My software version is 2020.48.30


I had just exited a roundabout, going under a bridge, the lane markings were full stripes(means you are not allowed to cross) going about 70km/h. Suddenly the car takes over the steering and pulls heavily to the left trying to cross over to the oncoming traffic. Luckely I was holding the steering wheel with both hands and I managed to grab control and pull us back right before we crashed into a car coming towards us in the other lane.

I had both my kids in the car and my wife so im really glad we did not crash.
Really nervous to get in the car again now.
Anyone experienced anything simillar?
I did not know the car could control the steering when not in AP and lane departure assistance is not set to assist..
Not saying this was what happened... but when the car makes a steering input and you are not expecting it, it feel like it “pulls heavy” or “slammed on the brakes”. I’ve felt similar things, looked back the video and you can barely tell the car moved or did anything. It can certainly be jarring, though.

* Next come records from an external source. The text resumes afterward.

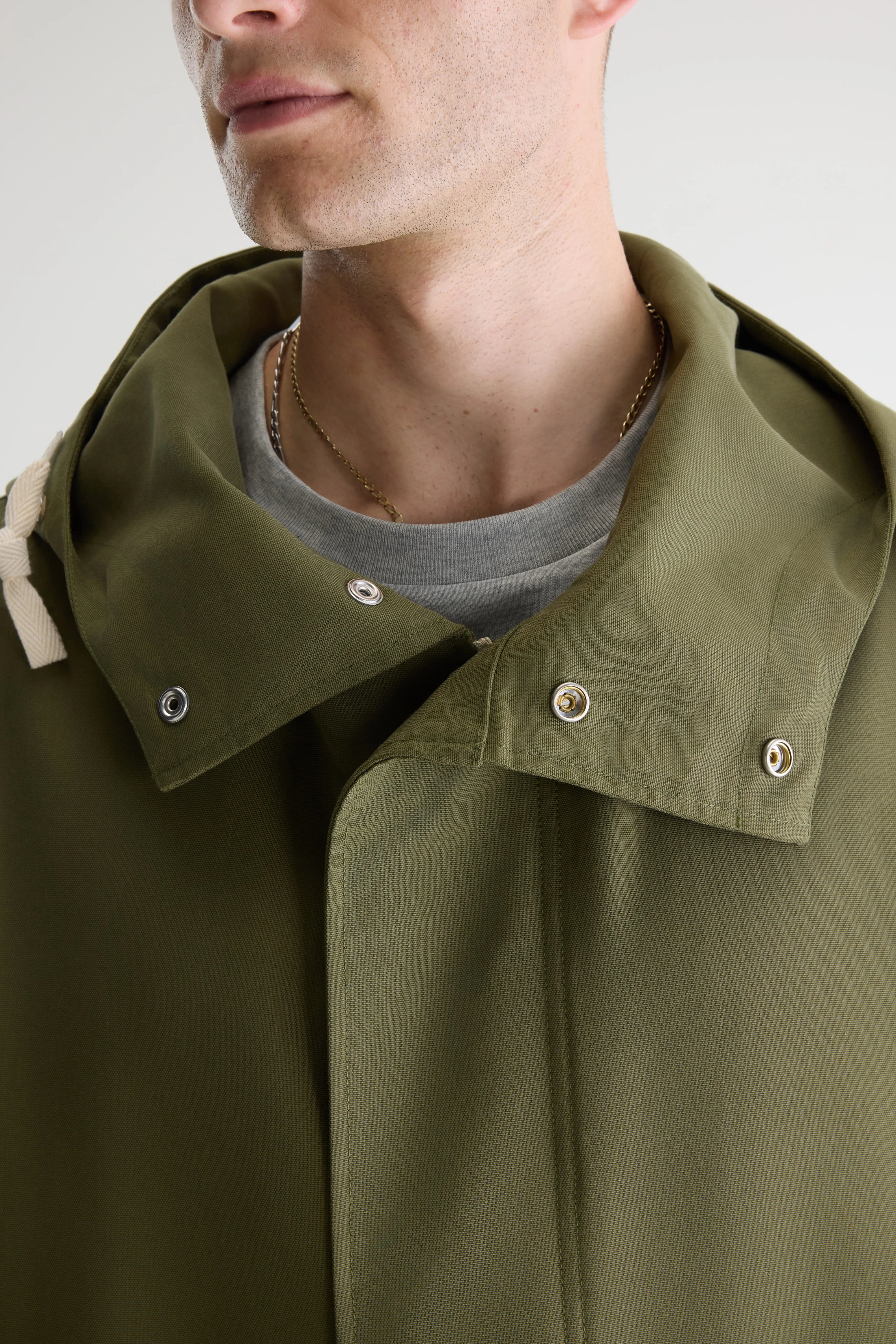 Bellerose Hansom hooded parka (261 / M / ARMY)
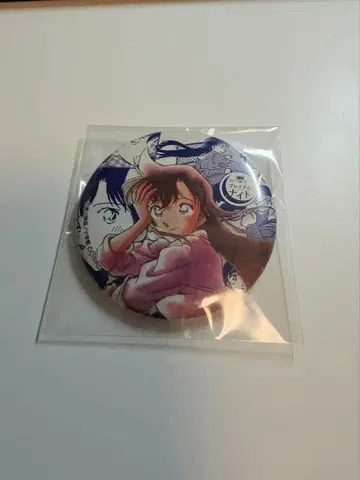 명탐정 코난 유미란(모리 란) 캔뱃지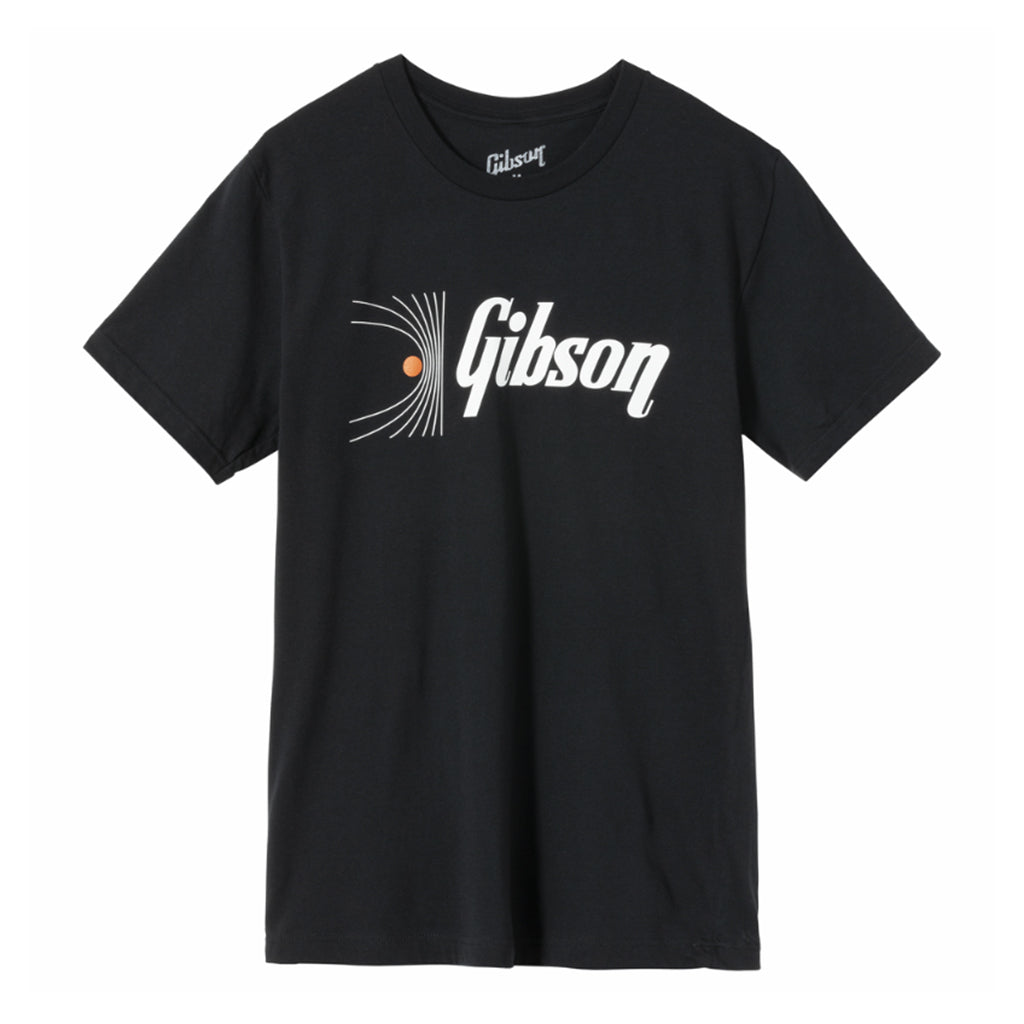 Gibson Soundwave Tee Black XL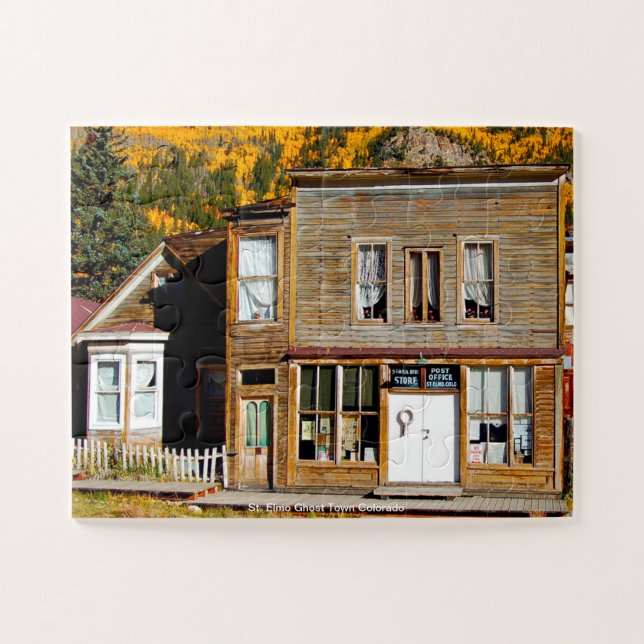 St. Elmo Ghost Town Colorado Puzzle (Horizontal)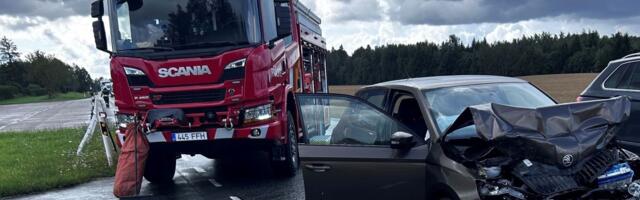 Lõuna-Eesti päästjad said väljakutsed Valgast, Jõgeva-, Tartu- ja Võrumaalt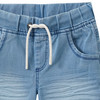 Jungen Jeansshorts mit Tunnelzug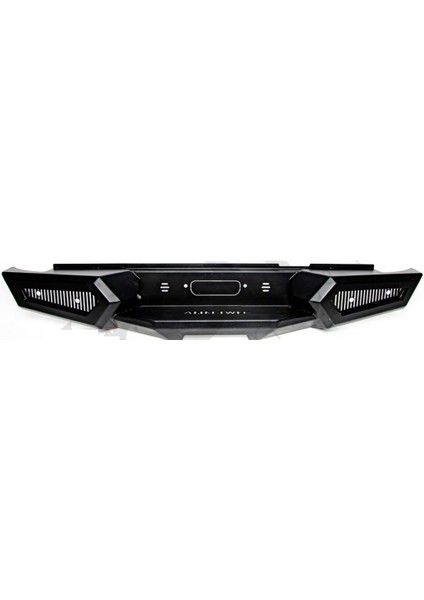Off Road Arka Demir Tampon Mat Siyah AQM-M20
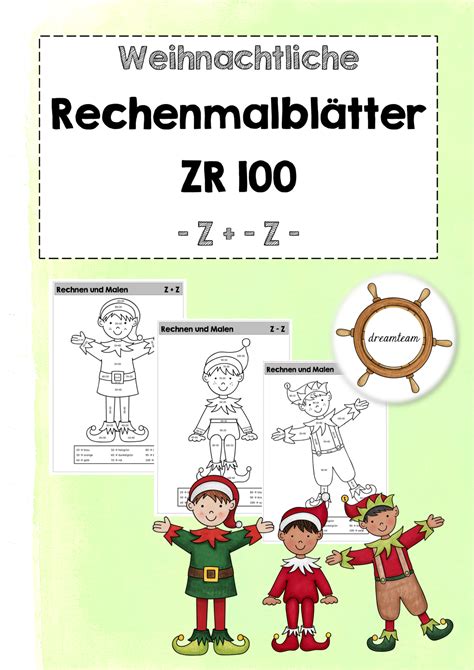 Rechenmalblätter ZR 100 Z Z Unterrichtsmaterial in den Fächern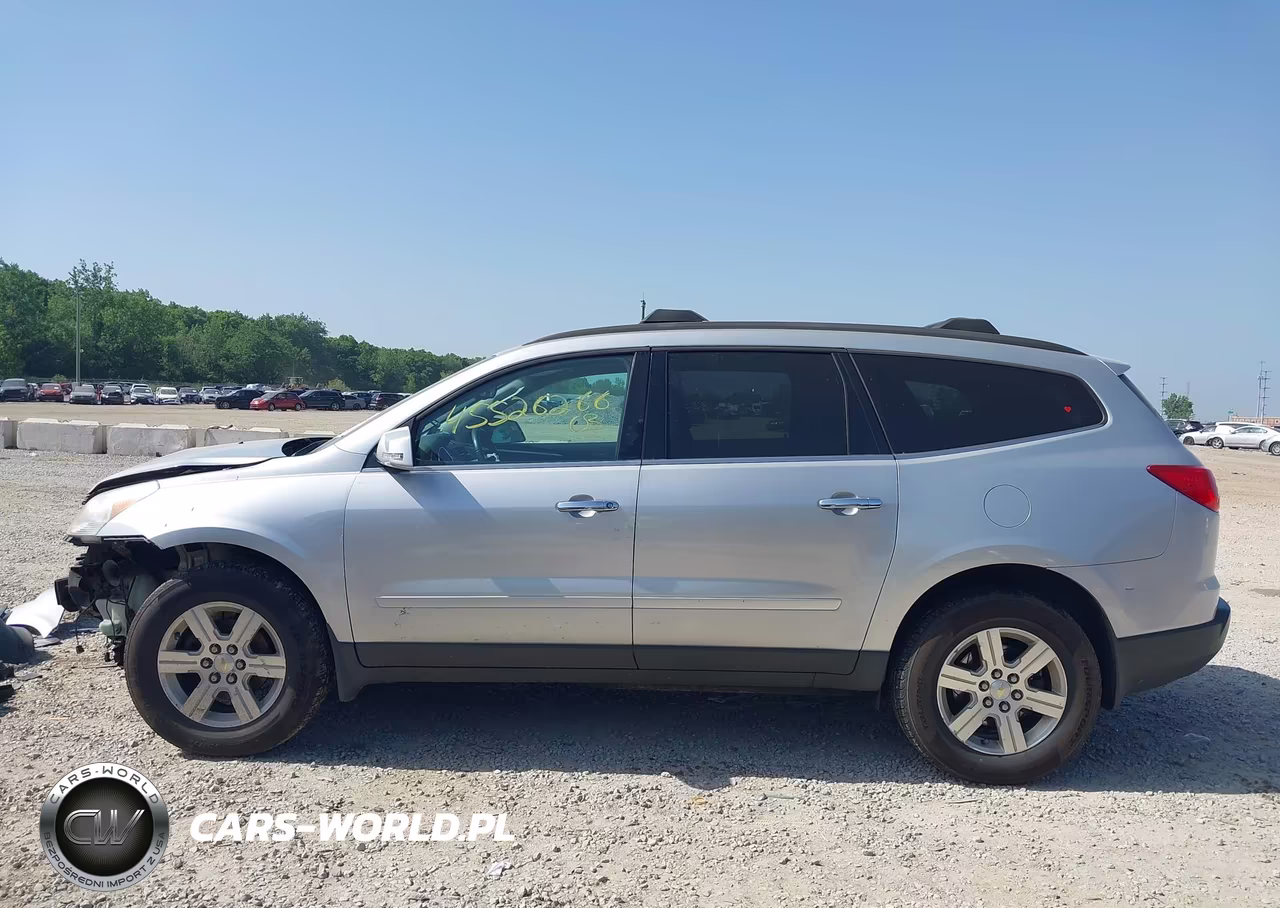 2010 Chevrolet Traverse Lt VIN:1GNLRFED0AJ252237 - 15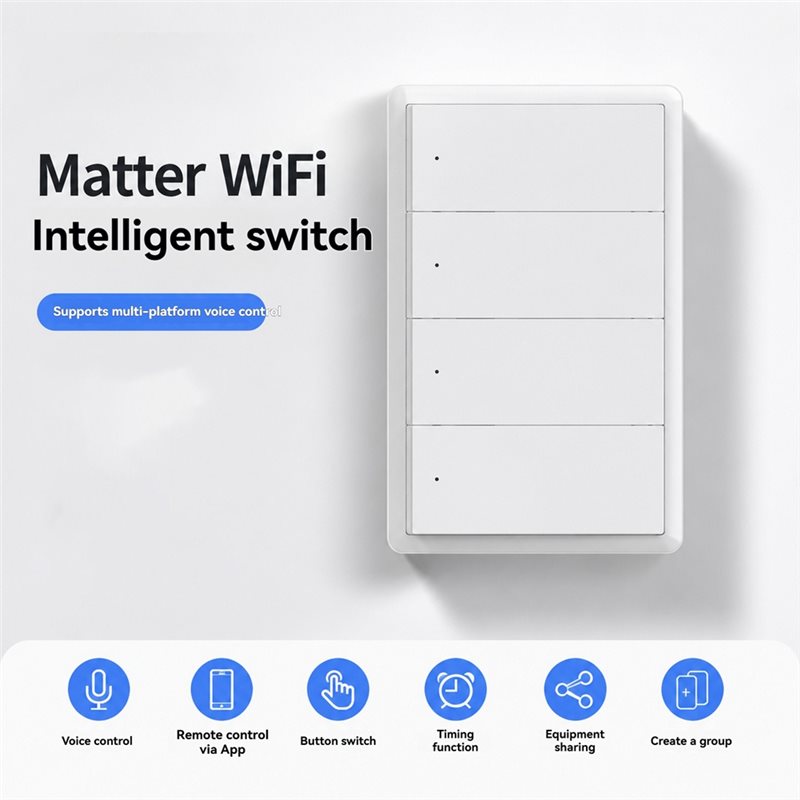 TFORU-Tuya Wifi per interrutto - Smart Light Switch Wifi recensione e prezzo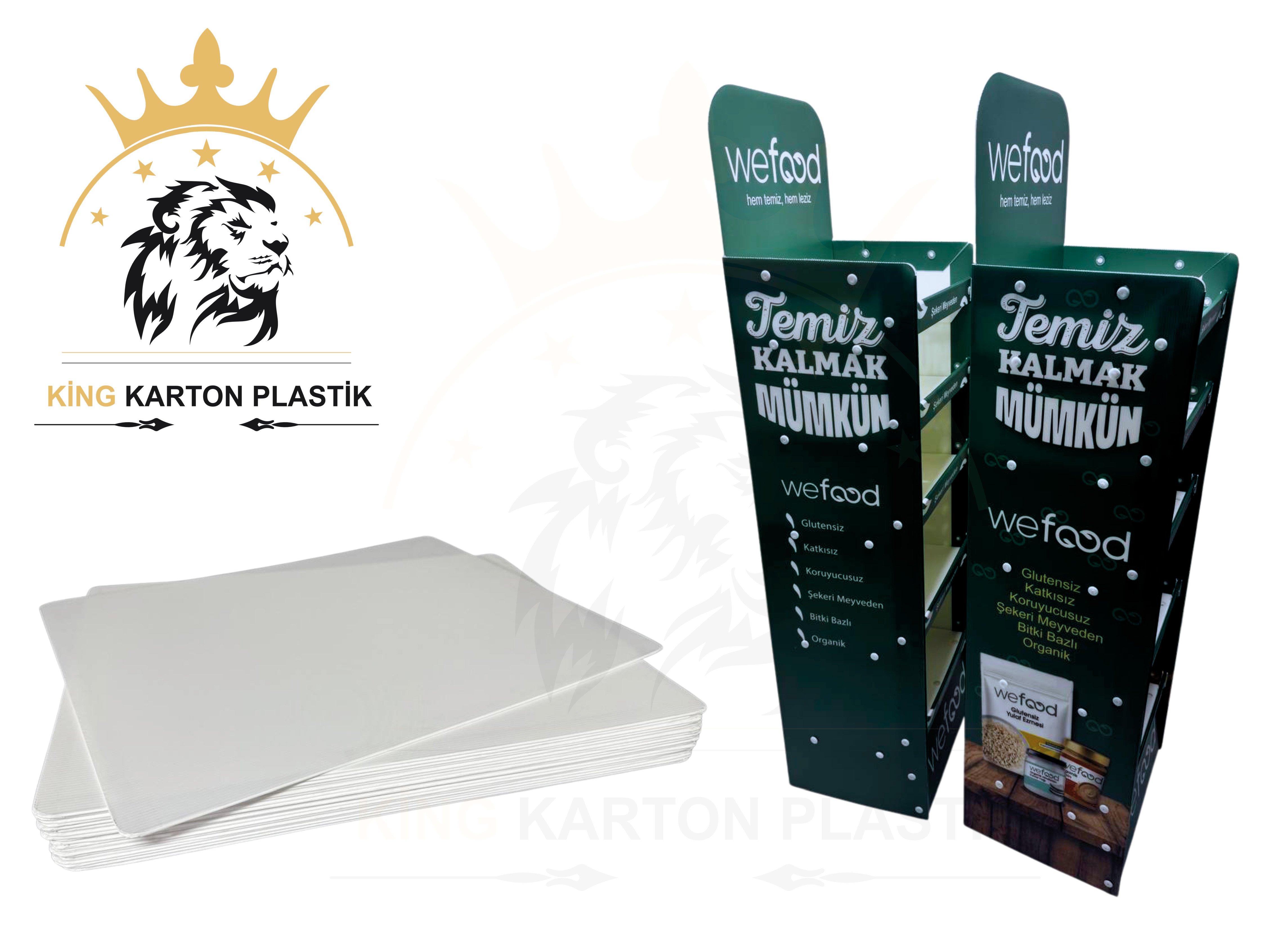 Product Display Stand – PP Corrugated Sheet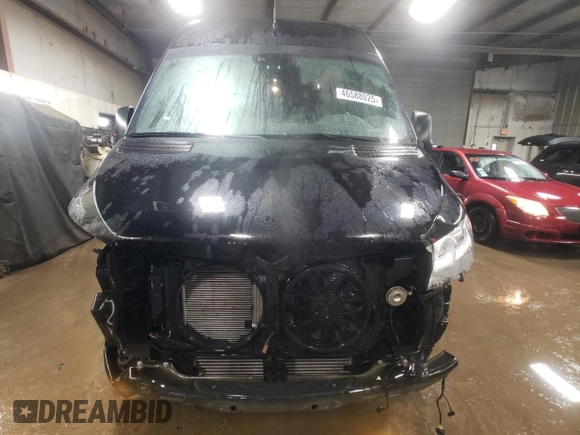 2021 Mercedes-Benz Sprinter with VIN W1Y4DBHY5MT050114, listed as a Copart auction lot 46588025 with 26,080 mi miles and Salvage Title. Bid and sale history available at DreamBid. Image 5.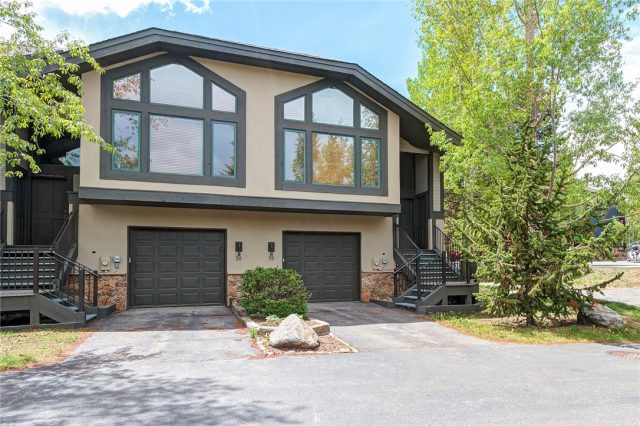 Townhome in One Breckenridge Place, Breckenridge, CO — photo 1 (MLS S1018708)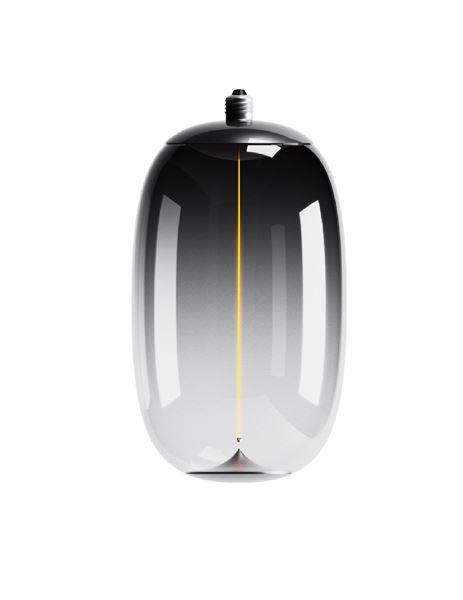 Picture of BULB BALOON LONG SMOKED E27 4000K 20CM 4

Just look at the recent story where there were claims the peoples Teslas “jumped forward” when the driver tried to brake. Every single case was shown to be the driver stepped on the wrong pedal. But all of those drivers reported drastic vehicle motion.

That last example was not to say YOU steered... it’s merely to point out that things can FEEL far different than it was - hopefully that was the case for you as well.